Rise in ‘banter’ employment tribunal cases
The number of employment tribunals claims relating to ‘banter’ in the workplace has increased by 45 per cent, according to research by specialist employment law firm GQ|Littler.
‘Banter’ has increasingly been invoked in employment tribunals as a justification for alleged discrimination and harassment, with 97 cases in 2021 compared to 67 in 2020.
What one employee might claim is ‘banter’ might actually be bullying or harassment, particularly if someone is subjected to discriminatory jokes on the basis of race, gender, nationality or sexual identity.
Harassment claims are particularly relevant territory for ‘banter’ cases.
Under the Equality Act 2010, unlawful harassment occurs where a person engages in unwanted conduct related to a relevant protected characteristic, and this has the purpose or effect of— (i) violating their dignity, or
(ii) creating an intimidating, hostile, degrading, humiliating or offensive environment for them.

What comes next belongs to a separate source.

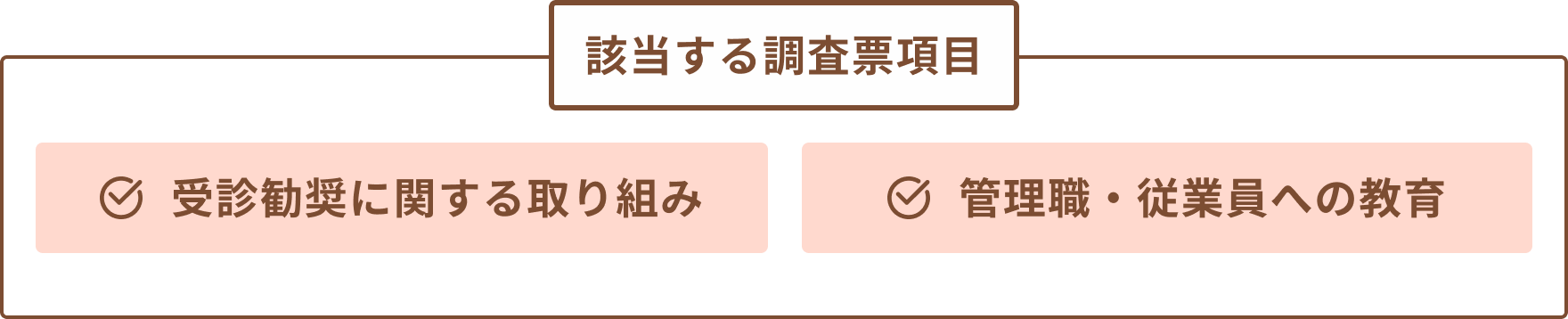 該当する調査票項目-「受診勧奨に関する取り組み」「管理職・従業員への教育」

Employers can use ‘banter’ as a justification to help them argue:
1. That the conduct wasn’t unwanted i.e. if the employee engaged in similar behaviour and jokes
2. That the behaviour was not connected to a protected characteristic
3. That the conduct didn’t violate their dignity or create an intimidating, hostile, degrading, humiliating or offensive environment for them.
But GQ|Littler explained that the individual bringing the complaint does not need to have the ‘protected characteristic’ relevant to the conduct in order to be offended. For example, if you are wrongly assumed to have a certain characteristic, you can be harassed on that ground.